What parents need to know
Parents Need to Know
Parents need to know that this site helps protect kids' privacy by prescreening videos and photos before they're published to make sure they don't contain personal information or inappropriate content. Therefore, most of the site is pretty tame, but there are a few photos and videos that might raise eyebrows -- mainly ones of kids or preteens describing themselves as "sexy" or posing or dancing in a "sexy" way. Occasionally there are language issues in the videos, with words like "bitch."
What kids can learn
- producing new content
- digital creation
Engagement, Approach, Support
Kids will enjoy posting videos of themselves singing, playing music, dancing, doing art projects, or just goofing around. Fan pages on the site promote popular books, established artists, and other people and products that kids like.
Kids can get a bit of hands-on experience making and uploading videos. A section called Make My Video Rock offers guidelines for making a great video, from brainstorming ideas to assembling props to tips on lighting.

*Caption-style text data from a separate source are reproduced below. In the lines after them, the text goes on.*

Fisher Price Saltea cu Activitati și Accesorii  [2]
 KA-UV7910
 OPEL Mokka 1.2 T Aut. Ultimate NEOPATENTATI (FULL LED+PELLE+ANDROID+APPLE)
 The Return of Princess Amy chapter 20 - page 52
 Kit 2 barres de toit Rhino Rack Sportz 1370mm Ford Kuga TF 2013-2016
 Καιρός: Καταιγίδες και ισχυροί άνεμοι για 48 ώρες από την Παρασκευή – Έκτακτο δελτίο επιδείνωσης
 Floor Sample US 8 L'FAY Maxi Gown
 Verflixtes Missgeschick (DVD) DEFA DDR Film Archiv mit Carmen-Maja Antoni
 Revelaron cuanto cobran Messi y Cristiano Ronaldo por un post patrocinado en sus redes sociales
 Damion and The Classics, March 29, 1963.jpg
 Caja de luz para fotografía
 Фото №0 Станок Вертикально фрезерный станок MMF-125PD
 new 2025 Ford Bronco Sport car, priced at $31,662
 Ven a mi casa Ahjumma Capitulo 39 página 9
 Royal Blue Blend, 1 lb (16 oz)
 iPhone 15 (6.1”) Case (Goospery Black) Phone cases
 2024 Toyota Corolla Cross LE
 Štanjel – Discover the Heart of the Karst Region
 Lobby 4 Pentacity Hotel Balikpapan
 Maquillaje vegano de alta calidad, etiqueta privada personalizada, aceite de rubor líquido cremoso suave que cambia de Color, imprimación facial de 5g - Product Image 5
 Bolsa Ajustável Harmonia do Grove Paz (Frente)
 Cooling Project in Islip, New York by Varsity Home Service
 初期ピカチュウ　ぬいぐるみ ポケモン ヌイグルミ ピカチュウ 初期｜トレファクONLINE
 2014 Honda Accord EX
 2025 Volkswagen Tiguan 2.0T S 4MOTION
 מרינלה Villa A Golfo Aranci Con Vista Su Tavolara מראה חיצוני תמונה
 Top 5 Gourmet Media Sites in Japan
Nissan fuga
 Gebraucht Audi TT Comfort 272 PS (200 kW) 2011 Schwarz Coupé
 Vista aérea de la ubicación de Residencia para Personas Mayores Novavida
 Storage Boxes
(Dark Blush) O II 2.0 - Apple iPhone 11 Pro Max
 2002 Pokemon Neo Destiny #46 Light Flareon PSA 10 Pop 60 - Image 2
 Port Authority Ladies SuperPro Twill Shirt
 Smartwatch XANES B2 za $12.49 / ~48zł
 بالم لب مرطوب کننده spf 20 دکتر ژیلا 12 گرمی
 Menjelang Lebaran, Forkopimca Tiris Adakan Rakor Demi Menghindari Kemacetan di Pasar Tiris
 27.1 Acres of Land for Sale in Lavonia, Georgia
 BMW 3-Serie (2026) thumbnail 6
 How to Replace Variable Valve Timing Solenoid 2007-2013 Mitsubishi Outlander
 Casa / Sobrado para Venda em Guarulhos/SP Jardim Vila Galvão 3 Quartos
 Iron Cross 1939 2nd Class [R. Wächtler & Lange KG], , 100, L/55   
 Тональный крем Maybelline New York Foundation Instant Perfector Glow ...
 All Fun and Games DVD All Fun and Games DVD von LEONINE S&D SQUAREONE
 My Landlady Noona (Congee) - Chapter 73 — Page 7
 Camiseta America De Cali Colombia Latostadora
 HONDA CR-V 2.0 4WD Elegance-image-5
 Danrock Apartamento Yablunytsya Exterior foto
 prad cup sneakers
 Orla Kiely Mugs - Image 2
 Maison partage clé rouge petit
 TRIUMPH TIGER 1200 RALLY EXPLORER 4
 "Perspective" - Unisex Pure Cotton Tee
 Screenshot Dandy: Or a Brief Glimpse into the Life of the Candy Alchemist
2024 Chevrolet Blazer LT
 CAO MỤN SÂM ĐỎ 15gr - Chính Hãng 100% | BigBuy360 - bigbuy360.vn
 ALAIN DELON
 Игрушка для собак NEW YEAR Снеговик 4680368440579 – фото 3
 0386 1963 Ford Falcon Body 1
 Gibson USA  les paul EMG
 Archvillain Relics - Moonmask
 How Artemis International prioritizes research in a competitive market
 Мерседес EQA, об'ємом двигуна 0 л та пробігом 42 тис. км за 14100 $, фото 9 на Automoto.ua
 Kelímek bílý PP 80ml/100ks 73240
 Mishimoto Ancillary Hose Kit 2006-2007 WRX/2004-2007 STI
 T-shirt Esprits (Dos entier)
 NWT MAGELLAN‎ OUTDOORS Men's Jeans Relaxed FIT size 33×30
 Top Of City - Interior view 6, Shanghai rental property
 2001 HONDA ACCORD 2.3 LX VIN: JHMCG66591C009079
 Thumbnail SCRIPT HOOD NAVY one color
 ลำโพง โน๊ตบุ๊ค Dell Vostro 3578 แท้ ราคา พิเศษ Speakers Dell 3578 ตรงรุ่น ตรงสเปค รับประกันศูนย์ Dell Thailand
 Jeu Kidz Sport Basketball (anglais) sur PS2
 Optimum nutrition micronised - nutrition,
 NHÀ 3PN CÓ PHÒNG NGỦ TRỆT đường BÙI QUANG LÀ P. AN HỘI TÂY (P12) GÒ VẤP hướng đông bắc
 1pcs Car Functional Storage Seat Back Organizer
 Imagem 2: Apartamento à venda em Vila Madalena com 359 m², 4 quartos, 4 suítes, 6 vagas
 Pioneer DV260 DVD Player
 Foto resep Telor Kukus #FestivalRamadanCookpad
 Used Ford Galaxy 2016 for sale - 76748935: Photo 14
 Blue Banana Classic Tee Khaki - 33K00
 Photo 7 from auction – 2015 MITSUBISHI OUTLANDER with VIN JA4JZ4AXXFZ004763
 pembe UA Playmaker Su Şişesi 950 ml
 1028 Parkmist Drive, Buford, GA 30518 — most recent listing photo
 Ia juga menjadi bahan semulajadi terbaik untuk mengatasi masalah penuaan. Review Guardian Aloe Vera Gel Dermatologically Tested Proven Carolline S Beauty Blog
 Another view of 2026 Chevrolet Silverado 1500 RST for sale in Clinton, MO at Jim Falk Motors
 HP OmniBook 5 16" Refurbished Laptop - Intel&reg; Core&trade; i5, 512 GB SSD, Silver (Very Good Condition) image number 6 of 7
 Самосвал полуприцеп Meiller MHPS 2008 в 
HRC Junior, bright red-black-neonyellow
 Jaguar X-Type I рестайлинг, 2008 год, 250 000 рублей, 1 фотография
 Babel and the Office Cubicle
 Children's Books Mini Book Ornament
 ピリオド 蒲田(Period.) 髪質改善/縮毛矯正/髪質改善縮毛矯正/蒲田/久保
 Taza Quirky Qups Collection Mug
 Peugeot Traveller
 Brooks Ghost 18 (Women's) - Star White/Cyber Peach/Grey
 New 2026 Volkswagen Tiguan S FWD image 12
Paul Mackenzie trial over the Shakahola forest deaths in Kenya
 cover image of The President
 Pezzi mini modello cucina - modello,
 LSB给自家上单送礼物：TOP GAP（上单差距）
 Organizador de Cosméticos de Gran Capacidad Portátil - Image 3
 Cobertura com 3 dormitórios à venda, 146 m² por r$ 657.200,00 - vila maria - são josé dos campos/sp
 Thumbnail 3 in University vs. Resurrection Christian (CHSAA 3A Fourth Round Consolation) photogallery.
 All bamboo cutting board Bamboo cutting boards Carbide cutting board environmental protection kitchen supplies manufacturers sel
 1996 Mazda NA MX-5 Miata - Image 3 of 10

Features video sharing and social networking. Parents are notified by email when kids submit content, receive friend requests, and more.
What's it about?
Kids can post videos of themselves singing, playing music, dancing, doing art projects, or just goofing around. Other users can rate their videos and post comments. There's a section of kid-created fan pages on topics ranging from puppies to the Green Bay Packers. The site maintains its own fan pages that promote popular books, established artists, and other people and products. Kids can also play games, enter contests -- and buy lots of stuff.
Is it any good?
Love it or hate it, the KIDZ BOP franchise is here to stay, with no small thanks to its website. In addition to hawking its musical wares, the site gives aspiring entertainers a chance to show their stuff -- with mixed results. Some young singers have talent, but most of the videos are more silly than soulful. The abundance of ads can get annoying, especially when users have to watch the same ad before every kid-created video they view. Since posting videos and photos online can be an iffy prospect, parents will appreciate the site's efforts to keep them in the loop when kids submit content.
Families can talk about...
Families can talk about why posting videos online could be problematic. Would you feel uncomfortable knowing that millions of people are watching you and judging your performance? Would you feel hurt if users rated your video negatively? Parents can also relate this to a conversation about celebrities and the pros and cons of public exposure.
Families can also talk about videos that feature kids who say they are "sexy." Is sexiness appropriate for kids that age?